Although, besides this somewhat silly particular plan, everything else done by both our hero and our villain is kind of clever! Just as you think “well, why doesn’t he do such-and-such?”, the character will do it! It’s not one of those movies where the plot only continues because the characters are too stupid to figure out a better way (what Roger Ebert called an “idiot plot”). The villain starts sealing up every entry and exit, hires bodyguards with flyswatters, even figures out who the fly was and, in the end, kidnaps his girlfriend!
Really, the only reason Mani wins in the end is that love is stronger than hate and he is actually willing to die for what he wants. Oh, and that he and Samantha still have this strange strange strange ability to communicate! That’s where the stalker-y beginning of their relationship pays off! Just like when he was a human and she refused to talk to him but he was able to somehow understand all her odd signals, now they can communicate through hand (flyhand? flyfeet? Something) gestures. I did start to wonder why she just didn’t give him ink and let him write out what he wanted, but I guess that’s not as cinematic.
I also noticed that I could kind of understand Mani-fly by the end too! Which is when I realized that a lot of his body language was less based on flies, and more based on dogs. The little head cocks, the wriggling the body before action, all of that, very cute and familiar. An excellent choice on the part of the CGI artists, dogs are very easy to interpret and most people sort of know how to understand them.
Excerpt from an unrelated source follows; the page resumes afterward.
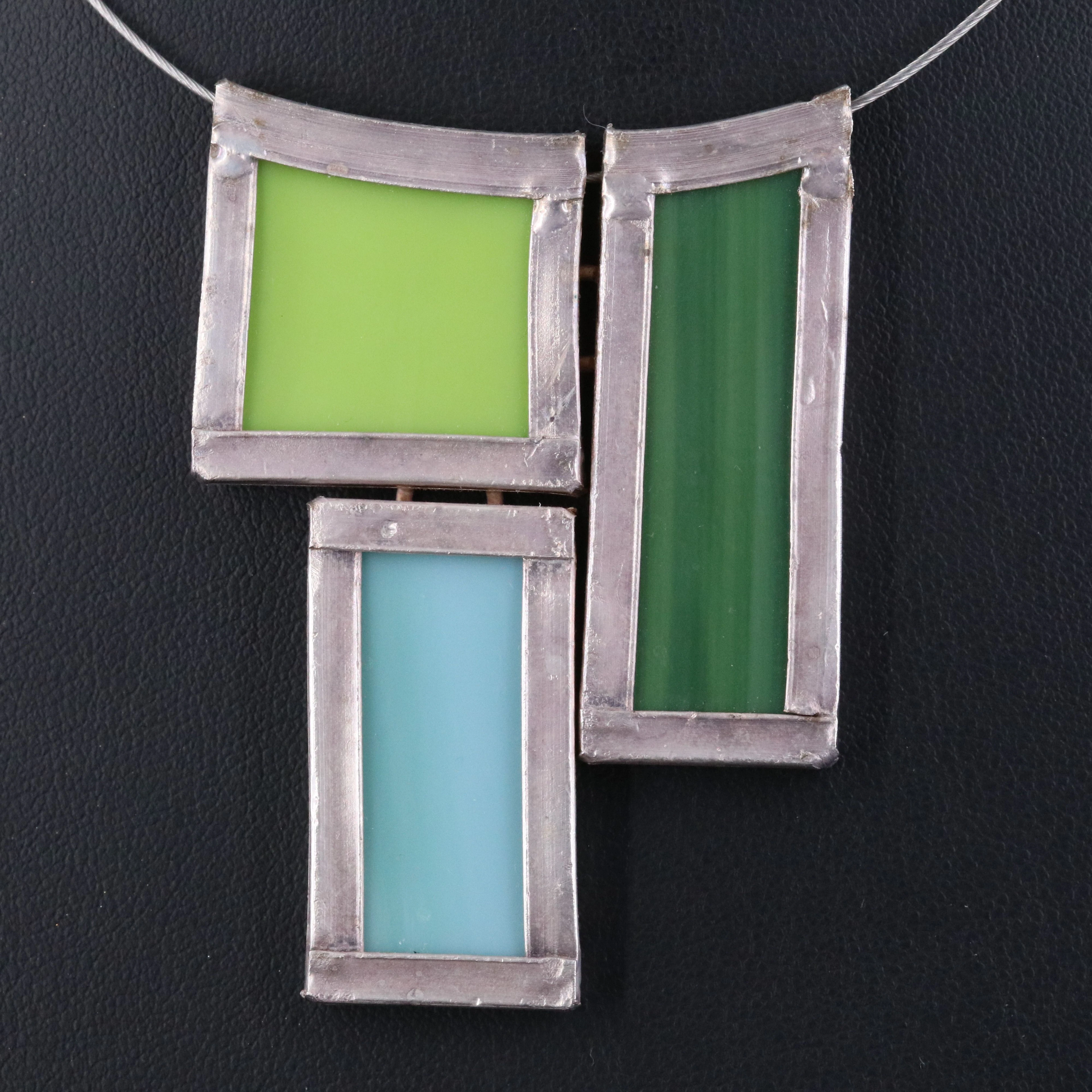 Handmade Slag Glass Necklace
The whole thing is filled with excellent choices, really, right down to the ridiculous all-fly item number over the end credits. It’s just got this very light silly tone, without ever feeling like it isn’t taking this story seriously. That’s the key, you have to feel at every second like Samantha truly believes she is talking to the man she loved reborn as a fly, and that Sudeep enjoys taunting and torturing his enemy, the fly. If there is even the slightest hint of self-awareness or embarrassment or, worst of all, hipster detachment, the whole thing would fall apart.
The biggest kudos, of course, have to go to the director. He took this silly silly story, and he made it fun and smart and wonderful. And I really really hope he gets to do a sequel (rumored to be his next project after Bahubaali: The Conclusion), because I want to see where he goes with it next!